Все чаще возвращалась я к словам профессора Рихтера, который говорил, что наличие у меня чрезмерно развитой эмпатии могло бы сделать из меня неплохого ученого-историка. Тяга к истории родной страны вторила то же самое. И потому я решила вернуться. Конечно, за эти годы мать осела в Германии и не разделяла моего желания – мне от этого было только легче. Поеду одна, решила я для себя, а там будь что будет. Отговорить меня ни она, ни бабушка уже не могли– война закончилась, и объективных препятствий к тому, чтобы мне вернуться на родину, уже не существовало. Я вступила в переписку с Белградским университетом, который, узнав о моих успехах в Лейпциге, выразил горячее желание принять у себя гражданку ФРГ с сербскими корнями.

Итак, я вернулась и стала учиться, как и все. Родной воздух немного раскрепостил меня, позволил по-новому посмотреть на страну. В течение первых же шести месяцев я объехала ее вдоль и поперек. Меня переполняла радость. Такой общительной я никогда не была за все время жизни в Германии. Я была открыта для всего и для всех. В том числе и для тех, о ком совершенно ничего не знала, но кто принадлежал этой стране десятилетиями и участием в значимых для нее исторических событиях.

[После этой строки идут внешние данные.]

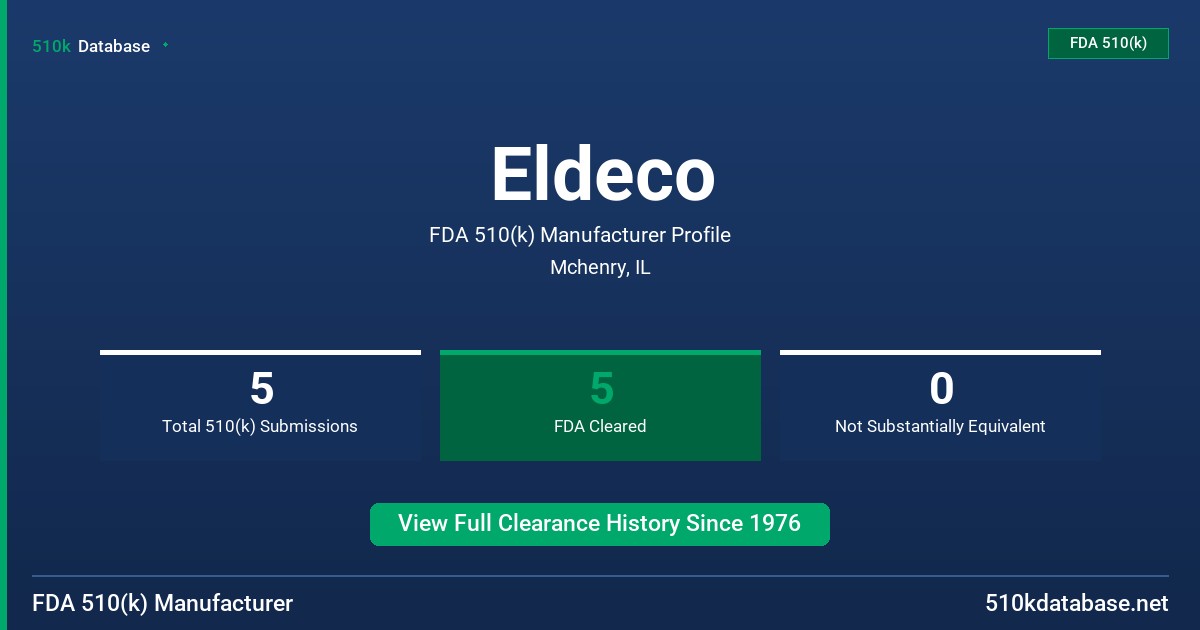 Eldeco FDA 510(k) Manufacturer Profile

И такой человек вскоре появился на моем горизонте. Его звали Лукас Хебранг. Он был помощником бывшего президента Хорватии Туджмана. Во втором семестре он появился на пороге нашей альма-матер, чтобы прочесть нам лекцию о взаимоотношениях наших народов в период войны в Боснии. Он был племянником знаменитого Андрии Хебранга – бывшего соратника Тито, который поддержал Сталина в его ссоре с последним и был убит в тюрьме в 1949 году. Когда генерал-диссидент Франьо Туджман в начале 1990-х вернулся в Хорватию из политической эмиграции, он стал его правой рукой и возглавлял его предвыборный штаб на выборах Президента, которые тот выиграл и вплоть до своей смерти в 1999 году занимал высший пост в государстве. После этого Хебранг сошел с политической арены и занялся бизнесом в государственных масштабах. И вот сегодня этот убеленный сединами, но от того еще более привлекательный в неискушенных девичьих глазах человек явился перед студентами не просто как свидетель, а как участник исторических событий – очевидно, что для будущих историков эта встреча была незабываемой.

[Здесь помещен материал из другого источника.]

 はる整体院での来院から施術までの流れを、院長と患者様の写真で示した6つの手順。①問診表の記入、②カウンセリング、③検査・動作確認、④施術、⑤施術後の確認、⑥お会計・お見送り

–Я до сих пор полагаю, – ровным, уверенным голосом вещал он, – что причины проигрыша сербов и в войне в Боснии, и вообще во всем Балканском конфликте кроются только в Милошевиче. Его неумелое руководство – ну что ожидать от подкаблучника? – и личные амбиции пробудили в сербах их праведный гнев, который копился веками и был предназначен для захватчиков, но никак не для их братьев – хорват. Да, я не спорю, что и хорваты вели себя не лучшим образом, но наш руководитель – генерал Туджман – горячо осуждал братоубийственную войну. А Милошевич ее культивировал. Как говорится, «кому война – кому мать родна». Спросите, почему? Очень просто. Он не способен был укрепить свой политический авторитет иначе, чем за счет многомиллионных человеческих жертв, пусть даже и среди своего народа. А власть ему была нужна, потому что того требовала его жена – дочь крупного партийного чиновника, которая мыслить не могла без властных привилегий. Так и вышло, что хвост вилял собакой, как говорят американцы, а жертвы, которые понесли сербы, превысили даже их потери во Второй мировой войне…

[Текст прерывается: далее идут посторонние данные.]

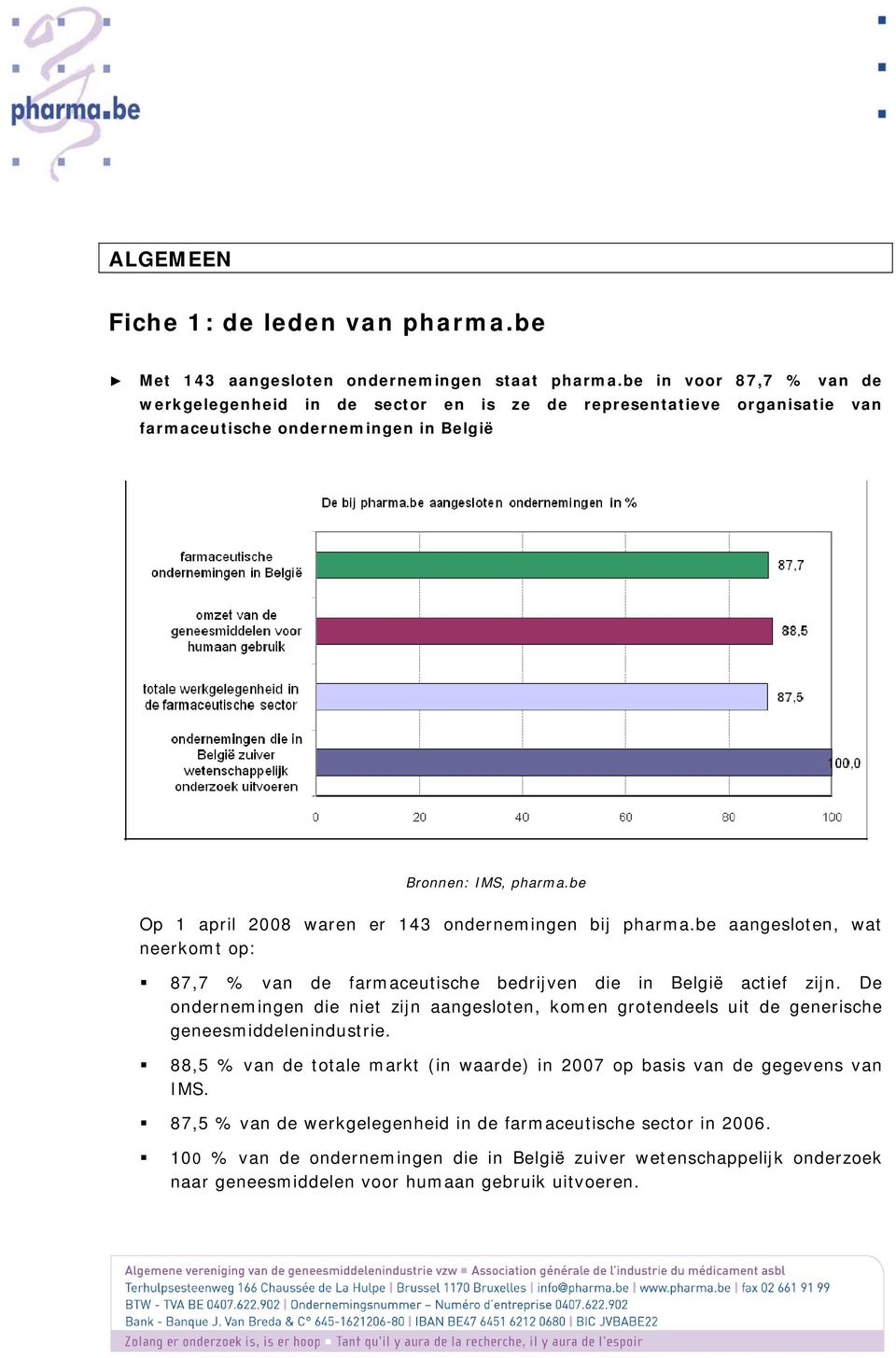 be Op 1 april 2008 waren er 143 ondernemingen bij pharma.be aangesloten, wat neerkomt op: 87,7 % van de farmaceutische bedrijven die in België actief zijn.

Я слушала его и поражалась – насколько он был прав. Я сама слышала выступление Милошевича, этого серого человека с серым лицом в сером костюме, и мне не нужно было доказывать, что он манипулировал озлобленным и оголенным как нерв сербским населением в те годы. Наши взгляды с человеком, бывшим очевидцем и участником событий, сошлись. Мысленно я ликовала – как знать, вдруг и впрямь выйдет из меня неплохой историк собственной страны?..

После лекции я решила познакомиться с ним поближе. Что мой порыв найдет взаимность я не сомневалась – людей всюду притягивает экзотика. Если в Германии на меня смотрели как на чернобровую и горячую сербку, то здесь – как на приехавшую из сытой Европы заносчивую девочку, водить знакомство с которой желал бы каждый из мужчин, попавшихся мне в ту пору на жизненном пути.